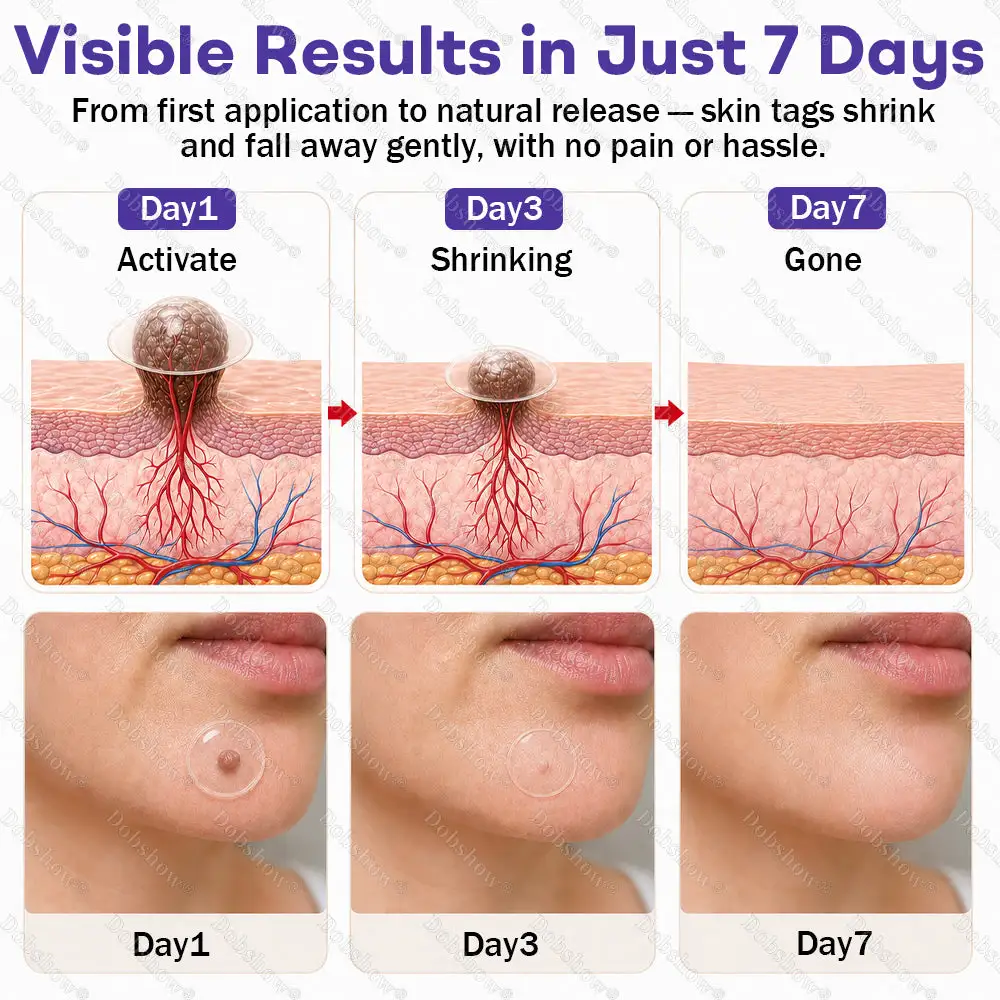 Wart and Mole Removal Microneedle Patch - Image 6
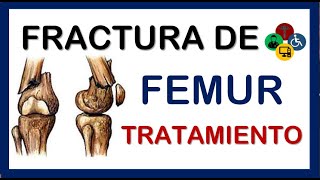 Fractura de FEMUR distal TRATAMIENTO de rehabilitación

---

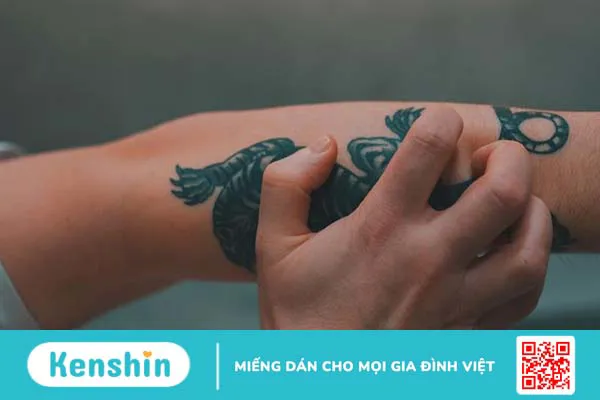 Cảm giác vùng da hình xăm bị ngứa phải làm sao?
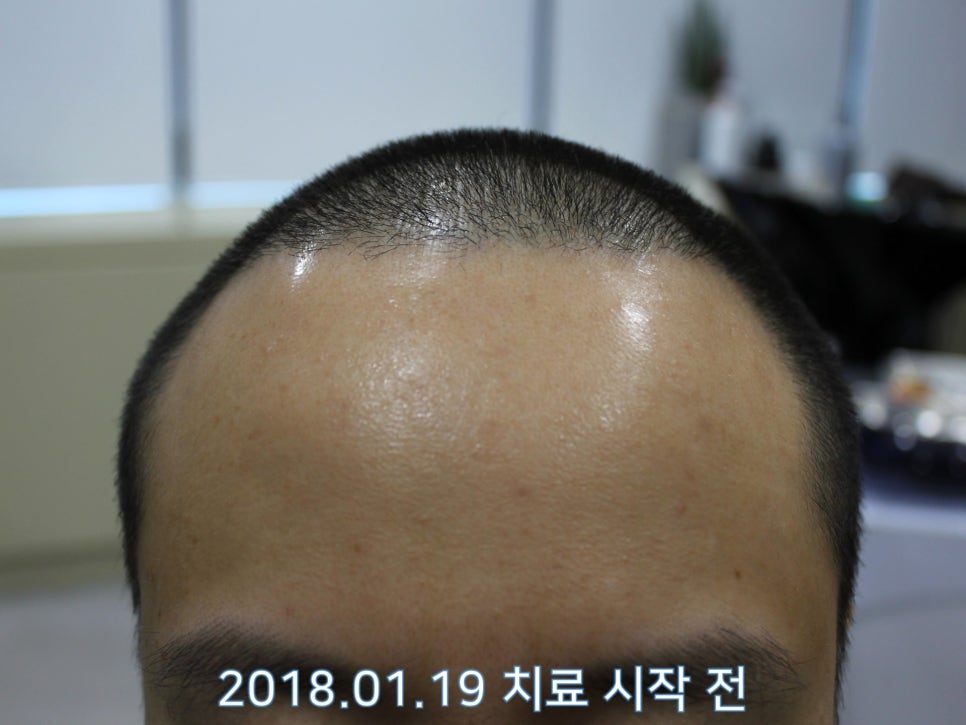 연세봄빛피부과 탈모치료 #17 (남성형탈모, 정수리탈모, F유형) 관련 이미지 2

---

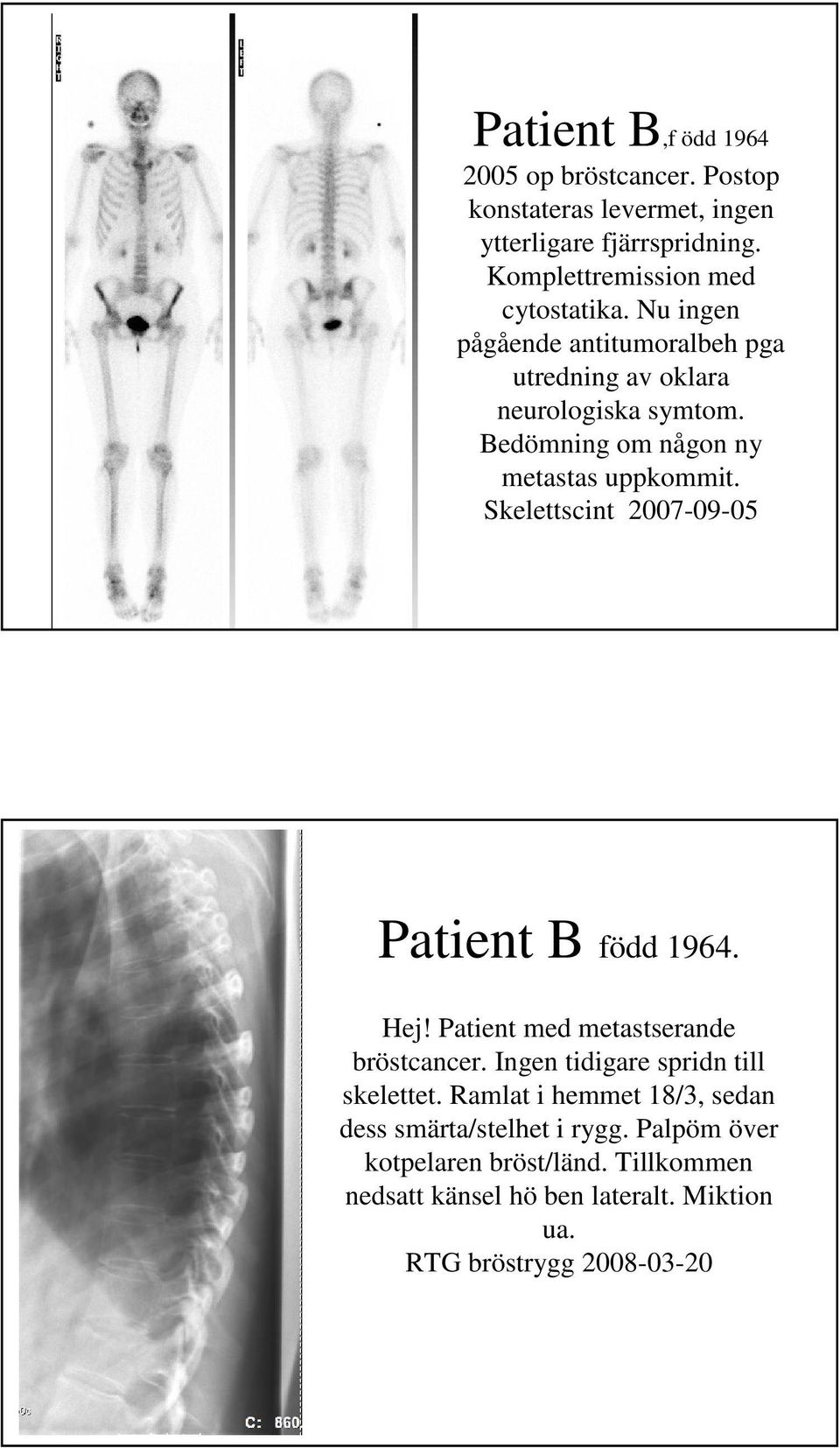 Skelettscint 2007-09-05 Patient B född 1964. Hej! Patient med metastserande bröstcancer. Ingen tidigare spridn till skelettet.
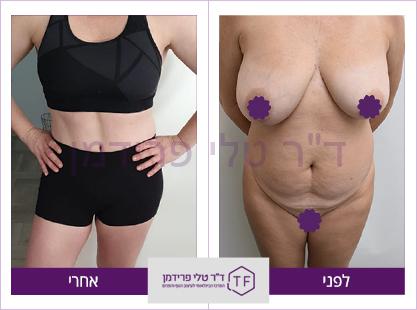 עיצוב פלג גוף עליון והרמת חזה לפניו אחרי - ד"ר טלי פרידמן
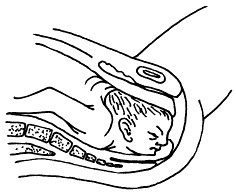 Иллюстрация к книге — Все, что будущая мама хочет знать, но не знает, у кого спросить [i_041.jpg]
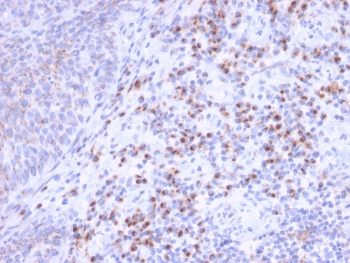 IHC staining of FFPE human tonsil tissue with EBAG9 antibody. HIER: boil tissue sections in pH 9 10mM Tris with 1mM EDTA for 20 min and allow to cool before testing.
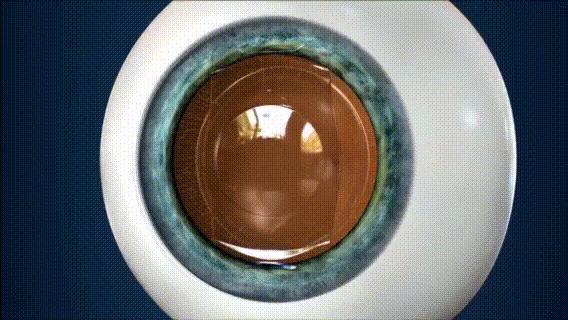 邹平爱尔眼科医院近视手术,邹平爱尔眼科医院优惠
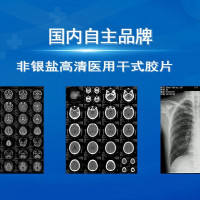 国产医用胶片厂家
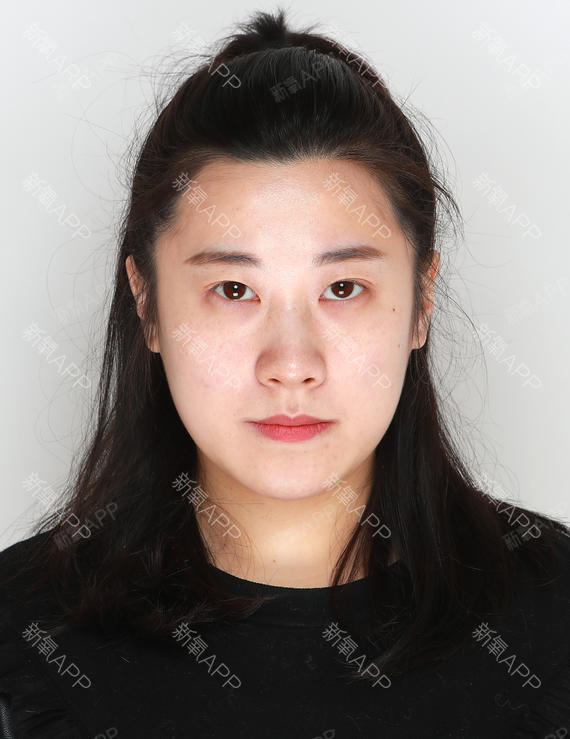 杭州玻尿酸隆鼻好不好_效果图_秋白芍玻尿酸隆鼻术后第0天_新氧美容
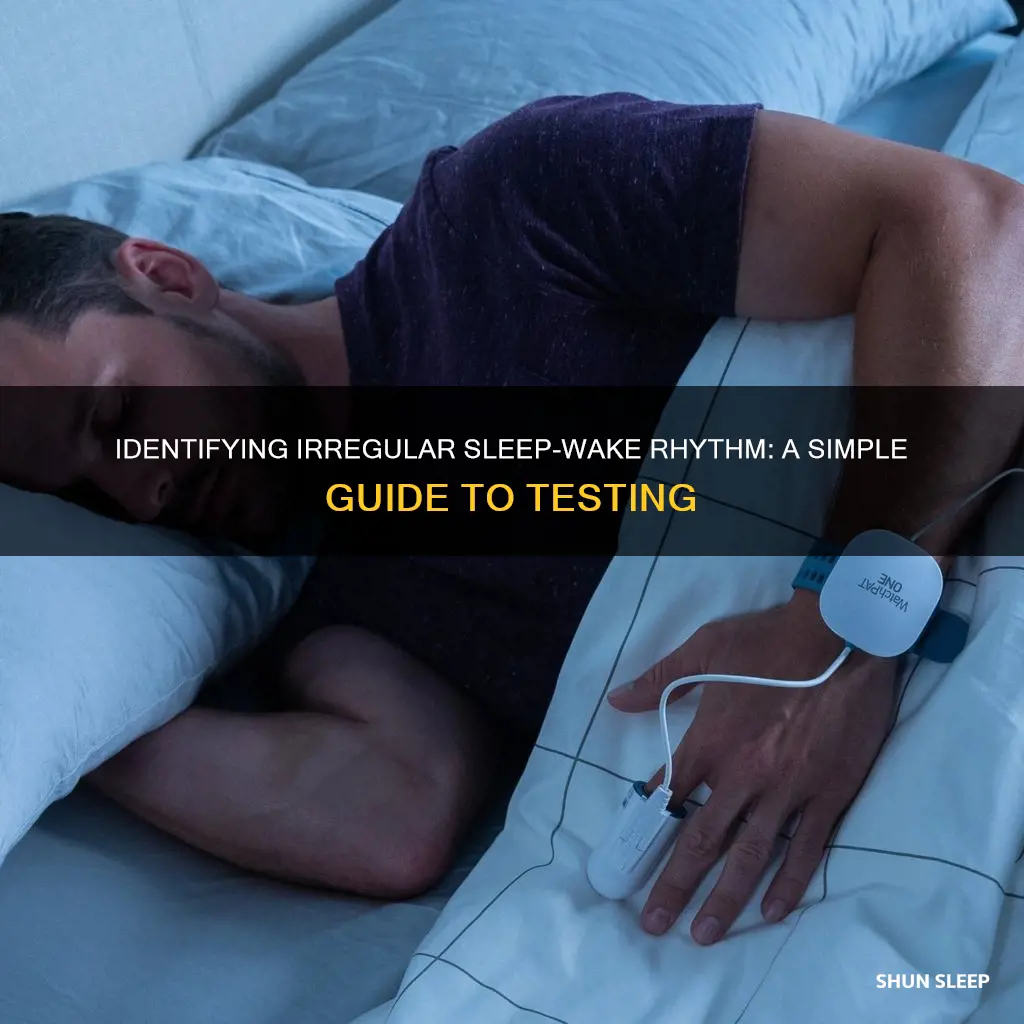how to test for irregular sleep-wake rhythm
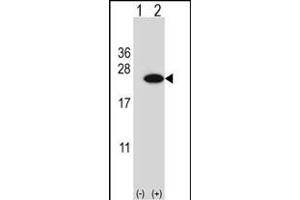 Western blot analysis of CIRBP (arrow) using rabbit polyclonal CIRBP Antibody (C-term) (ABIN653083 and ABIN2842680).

Task to carry out:
In the listing above, find the line with "Cảm giác vùng" and the line with "연세봄빛피부과 탈모치료 #17". Set down both and every line between them, minus the pictures.

Result of this task:
 Cảm giác vùng da hình xăm bị ngứa phải làm sao?
 연세봄빛피부과 탈모치료 #17 (남성형탈모, 정수리탈모, F유형) 관련 이미지 2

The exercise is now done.